The Asphalt Paving Systems, Inc. Case

That opinion clearly illustrated this finality.  In that case, Asphalt Paving Systems, Inc. vs. Associated Asphalt Partners, LLC and Associated Asphalt Transport, LLC, the Defendants, Associated Asphalt Partners, LLC and Associated Asphalt Transport, LLC, sold the Plaintiff, Asphalt Paving Systems, Inc., asphalt emulsion in two tanker trucks, which were subsequently stolen from Plaintiff’s property.  The Defendants sued Plaintiff alleging that it was responsible.  The matter was settled at mediation, with Plaintiff agreeing to give Defendants two replacement tankers.  The settlement agreement provided that the parties would submit any disputes to binding arbitration, with the mediator serving as arbitrator.

A dispute did eventually arise, and the matter was submitted to arbitration.  The arbitration was decided in favor of the Defendants, and the Plaintiff sought to have the arbitration award overturned because the arbitrator was biased against it.  As the opinion explains:

Plaintiff later alleged that as the arbitration ended, the arbitrator asked the parties and their counsel, “What would be the result if I determined the agreement is too ambiguous to enforce?” Plaintiff also alleged that, in response, defendants’ counsel replied, “I will tell you what happens. You get sued for malpractice.”

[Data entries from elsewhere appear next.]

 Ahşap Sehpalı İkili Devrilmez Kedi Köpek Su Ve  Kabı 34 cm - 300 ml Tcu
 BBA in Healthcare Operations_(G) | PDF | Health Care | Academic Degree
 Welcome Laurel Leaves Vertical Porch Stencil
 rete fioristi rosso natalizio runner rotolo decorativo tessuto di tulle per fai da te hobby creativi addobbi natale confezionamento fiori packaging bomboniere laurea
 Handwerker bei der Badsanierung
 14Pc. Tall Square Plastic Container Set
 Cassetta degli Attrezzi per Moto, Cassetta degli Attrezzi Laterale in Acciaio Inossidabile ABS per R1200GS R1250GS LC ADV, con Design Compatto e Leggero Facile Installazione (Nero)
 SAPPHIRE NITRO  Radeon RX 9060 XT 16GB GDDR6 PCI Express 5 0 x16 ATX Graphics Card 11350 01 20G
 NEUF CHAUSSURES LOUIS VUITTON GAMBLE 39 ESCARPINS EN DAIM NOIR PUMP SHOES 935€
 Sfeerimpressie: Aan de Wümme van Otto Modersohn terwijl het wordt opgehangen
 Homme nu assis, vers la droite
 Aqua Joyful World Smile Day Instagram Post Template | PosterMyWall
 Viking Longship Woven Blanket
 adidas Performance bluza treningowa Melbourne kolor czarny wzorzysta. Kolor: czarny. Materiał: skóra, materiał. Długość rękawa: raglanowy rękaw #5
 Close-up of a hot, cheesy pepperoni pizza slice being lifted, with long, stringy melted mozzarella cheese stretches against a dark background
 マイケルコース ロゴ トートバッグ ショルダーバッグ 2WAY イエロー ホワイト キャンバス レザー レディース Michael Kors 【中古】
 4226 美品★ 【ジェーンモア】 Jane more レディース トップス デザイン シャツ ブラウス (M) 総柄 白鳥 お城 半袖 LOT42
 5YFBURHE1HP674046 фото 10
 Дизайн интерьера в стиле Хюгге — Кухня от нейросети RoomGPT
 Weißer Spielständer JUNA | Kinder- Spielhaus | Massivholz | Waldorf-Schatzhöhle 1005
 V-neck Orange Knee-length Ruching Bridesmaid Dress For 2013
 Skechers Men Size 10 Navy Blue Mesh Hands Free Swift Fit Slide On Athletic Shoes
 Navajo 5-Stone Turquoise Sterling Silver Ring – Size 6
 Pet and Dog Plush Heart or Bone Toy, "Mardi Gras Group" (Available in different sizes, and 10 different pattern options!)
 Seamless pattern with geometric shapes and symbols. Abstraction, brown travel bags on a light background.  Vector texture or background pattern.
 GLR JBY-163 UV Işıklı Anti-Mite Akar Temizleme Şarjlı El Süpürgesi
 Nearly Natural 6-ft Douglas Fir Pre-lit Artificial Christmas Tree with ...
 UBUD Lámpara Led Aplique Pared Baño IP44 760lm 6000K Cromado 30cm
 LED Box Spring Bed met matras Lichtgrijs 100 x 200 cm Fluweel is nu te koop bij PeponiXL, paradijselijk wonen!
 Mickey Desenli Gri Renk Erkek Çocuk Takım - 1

Plaintiff alleged that the arbitrator interpreted this statement as a threat by Plaintiff’s counsel, and that this caused the arbitrator to be biased against Plaintiff, and asked a judge in the Law Division of the Superior Court of New Jersey to overturn the award.  (Plaintiff used different counsel for its appeal.)  After a somewhat convoluted procedural history, the trial judge held a hearing and found that while the statement was “wholly inappropriate,” it was merely “jest.”  Therefore, the judge refused to overturn the arbitration award.

Plaintiff appealed to the Appellate Division.  It argued that the “threat” and continued involvement of the arbitrator constituted an “appearance of impropriety.” The Appellate Division rejected this argument.  It explained that this is not the standard under the New Jersey Arbitration Act.  Rather, a party challenging an arbitration award must prove “evident partiality” – ie., that the arbitrator was actually biased against one side, not just that it appeared to be so.  Because the Plaintiff had not proven that the arbitrator was actually partial to the Defendants or against Plaintiff the award could not be overturned.  Additionally, the Appellate Division found that because the Plaintiff had not objected to the arbitrator’s continuing involvement at the time, it was barred from appealing on that basis now.

The Appellate Division therefore rejected Plaintiff’s claim and affirmed the Law Division judge’s order to deny the request to vacate the arbitration award.


The Takeaway

This opinion clearly demonstrates that if parties decide for business reasons to include an arbitration provision in a construction contract, whether because it is more cost effective or provides more finality, they should be aware that except for under the most extreme circumstances backed up by significant proof, a resulting arbitration award will withstand appeal and be enforced.